Solo mercoledì ci stava rimettendo la pelle il giovane Luca Vigliotta, finito in ospedale con una gamba fratturata, mentre i confederali richiamano tutti a quell’unità tra Fiom, Fim e Uilm, persa per strada negli ultimi tempi. Il tema del confronto verte sull’applicazione delle pratiche operative, vecchi e preziosi arnesi di autotutela operaia attuate con rigore dalla passata generazione di operai Ilva, ma ormai appesi al chiodo di fronte ai diktat della direzione e ai tempi di lavoro imposti da capi e capetti, che invalidano il ruolo stesso del sindacato e dei delegati alla sicurezza, spesso messi con le spalle al muro. Un processo di esclusione, questo, che certamente si rafforzerà dopo la decisione dell’azienda di affidare a una ditta esterna i controlli sull’applicazione delle norme di sicurezza. Nei reparti, denunciano molti operai, c’è un clima di intimidazione e ritorsione e qualcuno ricorda che proprio i carri-ponte del reparto treno nastri erano già stati oggetto di discussione per il loro precario funzionamento.

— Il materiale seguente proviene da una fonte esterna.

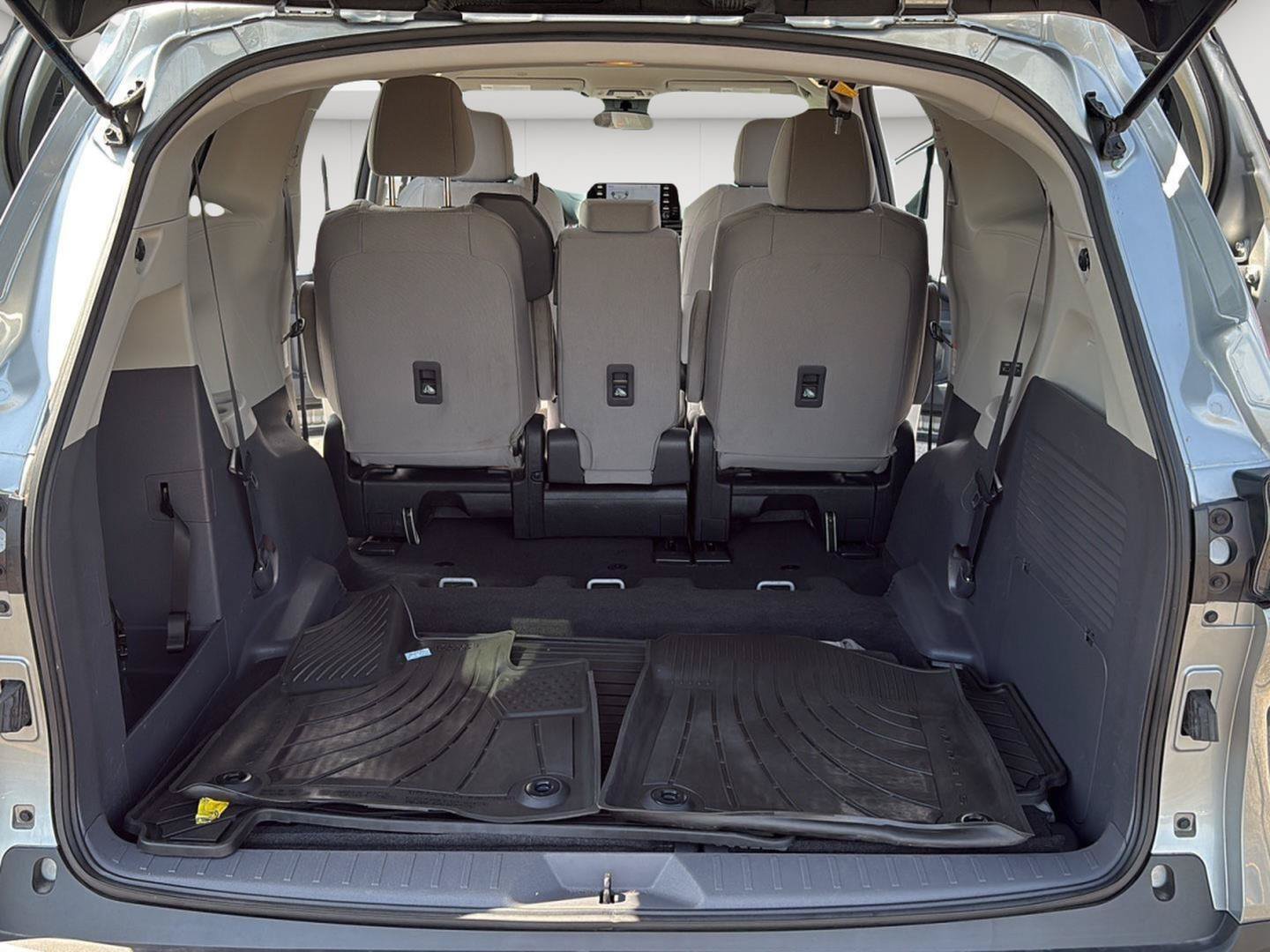 Used 2022 Toyota Sienna LE AWD/4WD image 18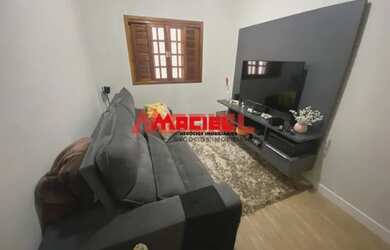 Imagem: A casa possui 3 Dormitórios, 2 Banheiros, 2 Vagas na garagem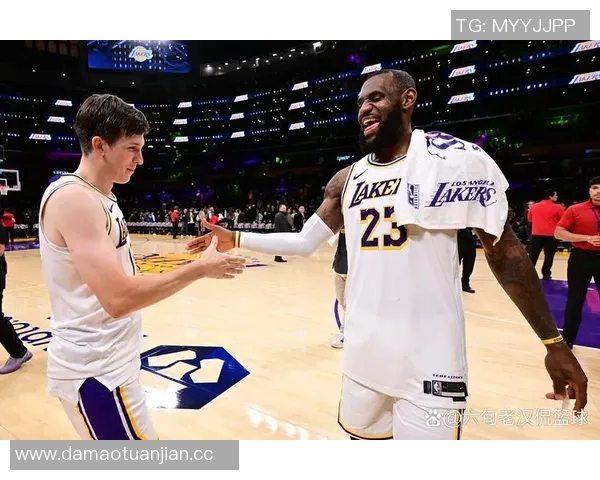 NBA常规赛：湖人胜开拓者，火箭升至第5，快船惜败热火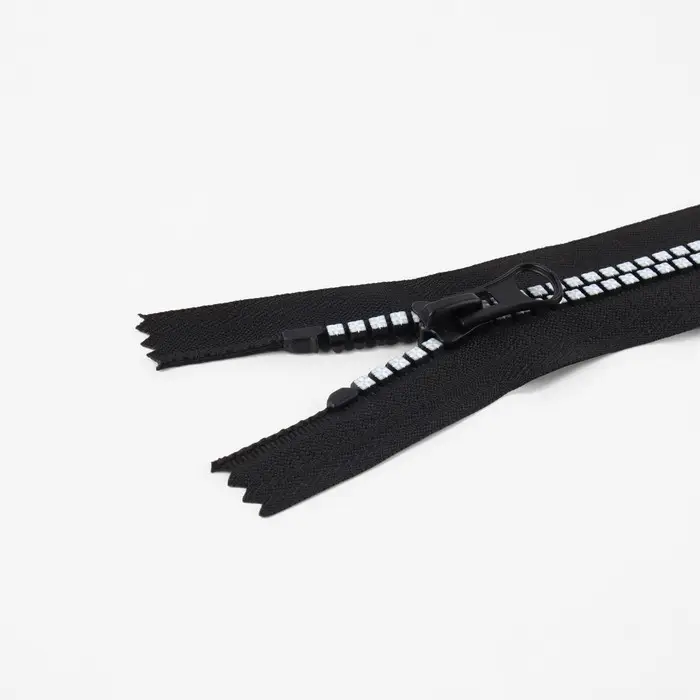 Молния &laquo;Трактор&raquo;, №8, неразъёмная, замок автомат, 18 см, чёрная, белая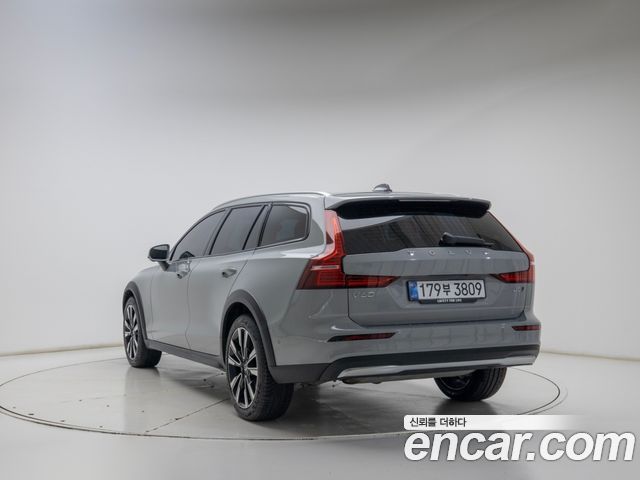Volvo V60 2026 — photo 4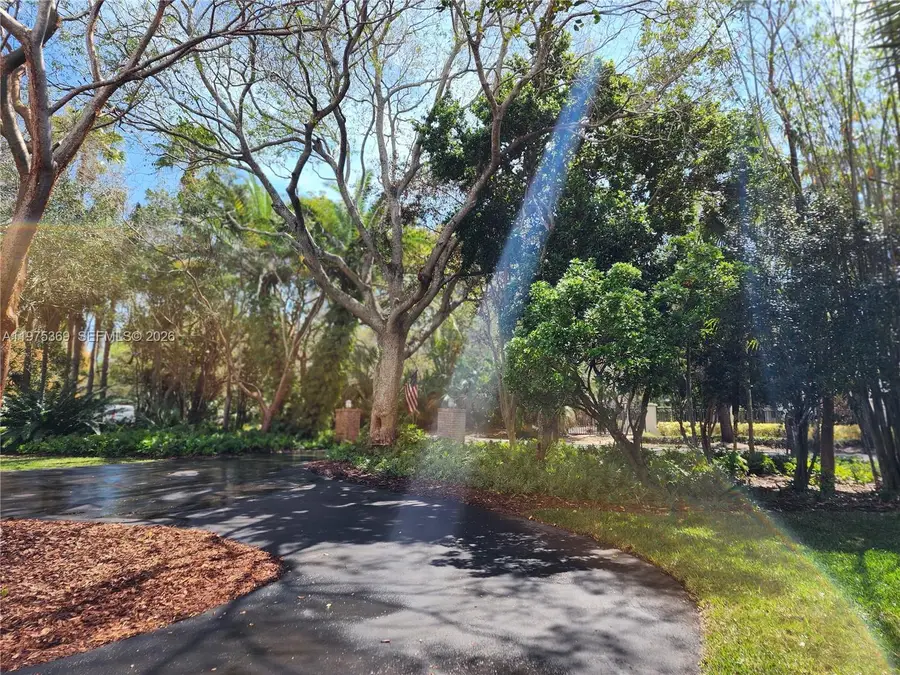 6065 SW 133rd St, Pinecrest, FL 33156 - #3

Al suo ingresso all’Ilva Nichi Vendola è subito attorniato dagli operai. Tutti aspettano da lui parole che consentano di delineare un nuovo possibile rapporto tra la fabbrica e la città: «La mia non è una dichiarazione di guerra - dice con toni più pacati - ma un monito. O ci fermiamo tutti quanti oppure anche la Puglia democratica e civile, e non solo questi operai, non potrà più accettare altre giornate laddove dovessero ripetersi. Il tema del diritto alla vita e della sicurezza in fabbrica deve essere al centro delle relazioni non solo tra sindacato e Ilva, ma tra istituzioni e grande fabbrica. Mi rivolgo alla dirigenza e chiedo se non sia giunto il momento di imprimere una volta radicale seria». Proprio oggi la direzione dovrà decidere se reintegrare in fabbrica i nove lavoratori, tra cui due delegati Fiom, sospesi lo scorso 10 luglio con la "motivazione" di aver lasciato la postazione di lavoro in situazioni di emergenza per la propria incolumità personale. «Si è trattato di un attacco all’articolo 14 della 626 sulla sicurezza - commenta un sindacalista- ma qui ormai tutto ci è negato». Tre incidenti, di uno mortale, in cinque giorni: un vero e proprio bollettino di guerra: «Ormai è chiaro - ha dichiarato Giorgio Cremaschi, segretario generale della Fiom - all’Ilva è una strage. Questa strage va fermata. Gravissime sono le responsabilità delle direzioni aziendali. Giustamente i lavoratori dell’Ilva hanno fermato la fabbrica, ma questa non è che una prima risposta». La Fiom ha deciso inoltre per il prossimo 23 settembre di convocare a Piombino tutti i delegati del settore siderurgico sul tema della sicurezza. Si costituirà infine parte civile nel procedimento giudiziario per la morte di Giuseppe Di Leo.
Ma ieri anche ad Assisi hanno dovuto fare i conti con gli incidenti sul lavoro, dove un operaio albanese è caduto da un’impalcatura da oltre 6 metri, rimanendo ferito in modo serio. E nel vicentino 22enne è morto nel crollo del tetto di un capannone.